This is not the Virginia Tech that gave Notre Dame plenty to worry about as it looked to regain its footing late in the 2019 season. It is not the Hokies that earned “trap game” worries in 2018’s Irish surge to the Playoff. It is not even the Virginia Tech that stands as the last unranked opponent Notre Dame lost to — yes, go ahead and file away that piece of trivia — way back when in 2016. Those iterations at least represented unquestioned competence, unparalleled consistency, such composure they forced a lack of it in opponents.

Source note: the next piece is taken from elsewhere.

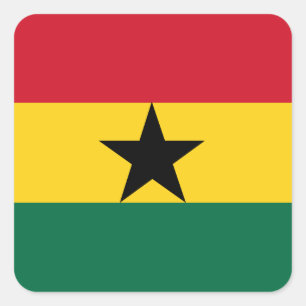 Ghana-Flagge Quadratischer Aufkleber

Instead, this is a program on the verge of tailing off.

2020 REVIEW
Little positive can be said about the Hokies defense last year, but as is the case with many 2020 seasons, that should be somewhat discounted. Opt-outs set Virginia Tech’s secondary back before the season, and then pandemic protocols ravaged it further throughout the first half of the year. The Hokies gave up 266 passing yards per game, but that is, in part, a direct reflection of that roster uncertainty.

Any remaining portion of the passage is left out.